Still having the same problem, after 1-2hrs, PostSRSd 2.0.2 stops working and I get warning: connect to srs: Resource temporarily unavailable errors, even though /var/spool/postfix/srs permissions stayed untouched.

I have now migrated to socketmap = inet:localhost:10003 (postsrsd.conf) and socketmap:inet:localhost:10003:forward/ socketmap:inet:localhost:10003:reverse (Postfix). Hopefully, this is going to work.

onlime commented 1 year ago

Bad luck. Even with TCP socketmaps I am experiencing the same issue, PostSRSd service only works for ~80mins and then reports time limit exceeded:

Feb 28 17:52:07 mail postfix-srs/cleanup[3789293]: warning: table socketmap:inet:localhost:10003:forward lookup error: time limit exceeded
Feb 28 17:52:07 mail postfix-srs/cleanup[3789293]: warning: socketmap:inet:localhost:10003:forward lookup error for """"
Feb 28 17:52:07 mail postfix-srs/cleanup[3789293]: warning: B313866FFB2: sender_canonical_maps map lookup problem for "" -- message not accepted, try again later

Feb 28 17:52:12 mail postfix-srs/smtpd[3793281]: warning: table socketmap:inet:localhost:10003:reverse lookup error: time limit exceeded
Feb 28 17:52:12 mail postfix-srs/smtpd[3793281]: warning: socketmap:inet:localhost:10003:reverse lookup error for "foo.bar@hotmail.com"
Feb 28 17:52:12 mail postfix-srs/smtpd[3793281]: NOQUEUE: reject: RCPT from localhost.localdomain[127.0.0.1]: 451 4.3.0 <foo.bar@hotmail.com>: Temporary lookup failure; from=<> to=<foo.bar@hotmail.com> proto=ESMTP helo=<mail.example.com>
Feb 28 17:52:12 mail postfix-srs/smtpd[3793281]: disconnect from localhost.localdomain[127.0.0.1] ehlo=1 mail=1 rcpt=0/1 data=0/1 rset=1 quit=1 commands=4/6

Restarting the service works, but probably just for another 80mins. So I have again reverted to PostSRSd 1.12

roehling commented 1 year ago

Do you have any logging output from PostSRSd that might help tracking down the issue?

onlime commented 1 year ago

Do you have any logging output from PostSRSd that might help tracking down the issue?

Currently not, as I only noticed the last successful not reverse-rewritten: Not an SRS address. message in syslog and after lookup error: time limit exceeded was popping up, nothing else was written to syslog from postsrsd.

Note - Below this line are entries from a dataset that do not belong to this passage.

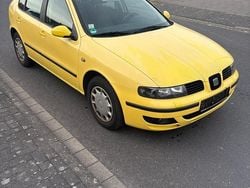 Gelb Gebraucht 2002 Seat Leon Kleinwagen | 650 € (Superpreis)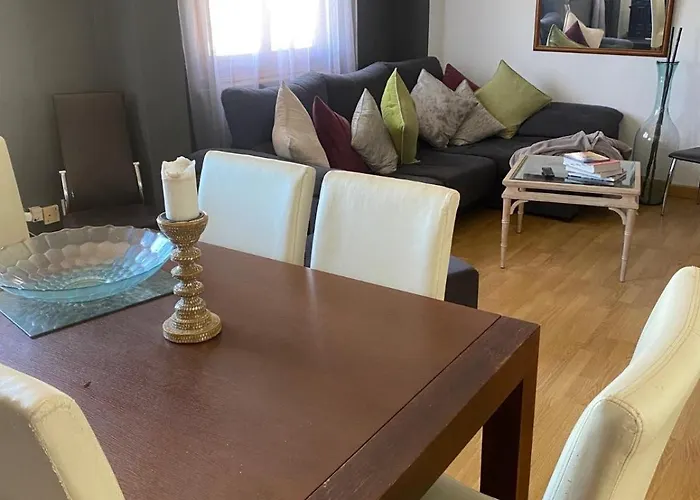 Double In Shared - Private Space In Centre 3* デニア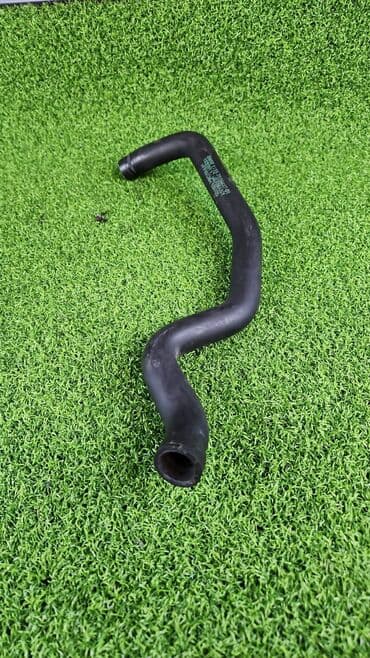 блок предохранителей: Патрубок 1115 7 556 837 Е53 х5 . е52 z8. M62 V8. Год 2002. В — 1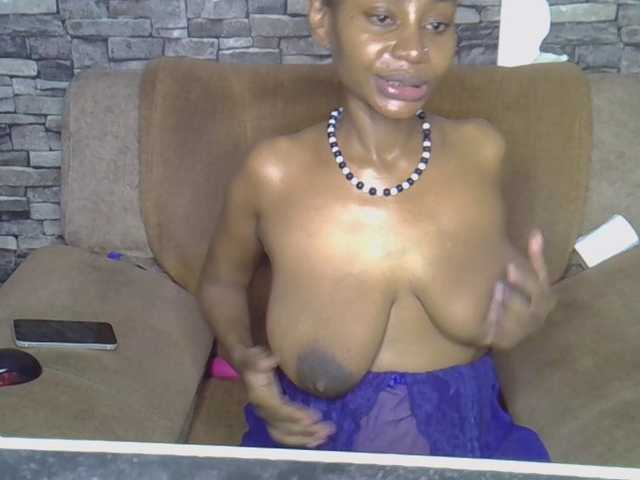 Lubicharm live cam on BongaCams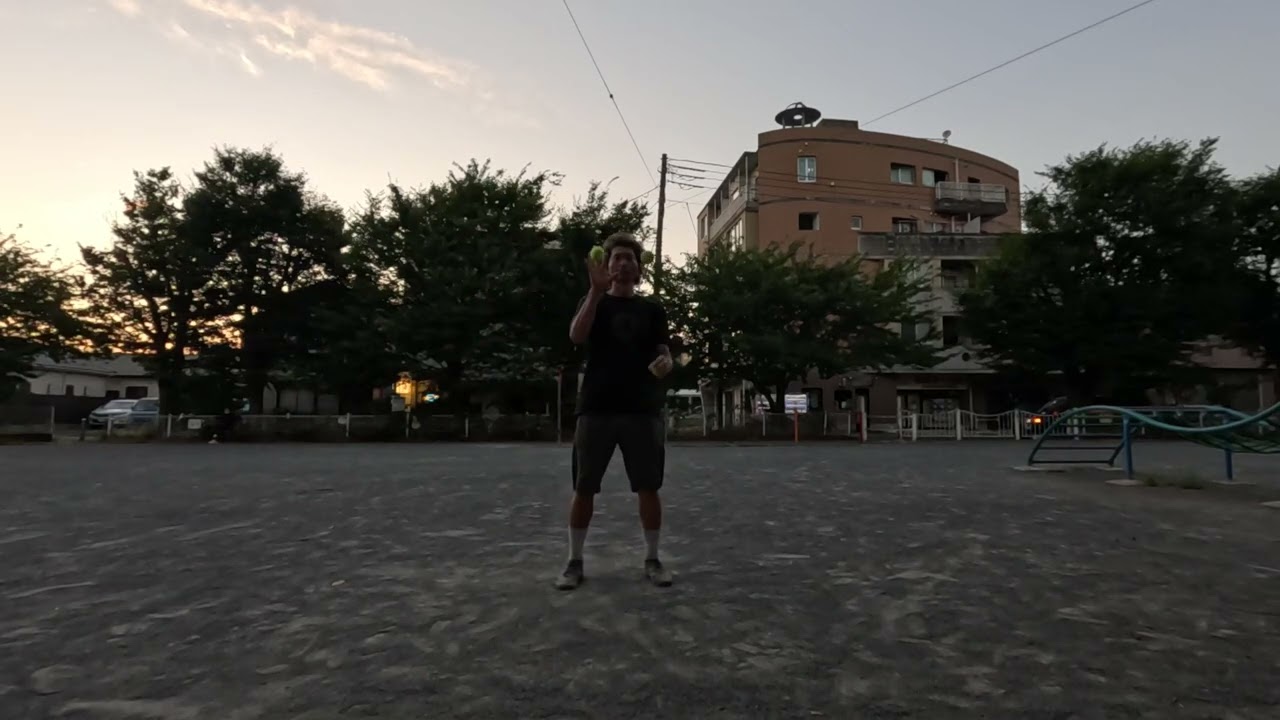 Juggling 3balls overhands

Can you give me a hint how to raise log verbosity? Simply enabling syslog = on in postsrsd.conf?

It looks like this is rather a Postfix issue with some kind of timeout / Postfix not closing socketmap connections and running out of some limit?? But the ~80mins seem quite weird - it was a similar timespan after it stopped working also when using /var/spool/postfix/srs socket instead of TCP connections.

Or was it maybe that weird lookup of "" (instead of a real email) that caused PostSRSd to crash somehow? That was the first lookup that caused problems and after that it stopped working:

Feb 28 17:52:07 mail postfix-srs/cleanup[3789293]: warning: table socketmap:inet:localhost:10003:forward lookup error: time limit exceeded
Feb 28 17:52:07 mail postfix-srs/cleanup[3789293]: warning: socketmap:inet:localhost:10003:forward lookup error for """"
Feb 28 17:52:07 mail postfix-srs/cleanup[3789293]: warning: B313866FFB2: sender_canonical_maps map lookup problem for "" -- message not accepted, try again later
roehling commented 1 year ago

I'll look into it and see if I can reproduce the problem. Thank you for now.

onlime commented 1 year ago

@roehling wonderful! Thanks for the 2.0.3 release. Have it already running in production and will give you a feedback soon.

onlime commented 1 year ago

I confirm this working. At least for 3h10min now, without any issues. Now running it with default socketmap = unix:/var/spool/postfix/srs @roehling Thanks a lot for this great product. Pls tell me where I can drop a small donation / Github sponsors?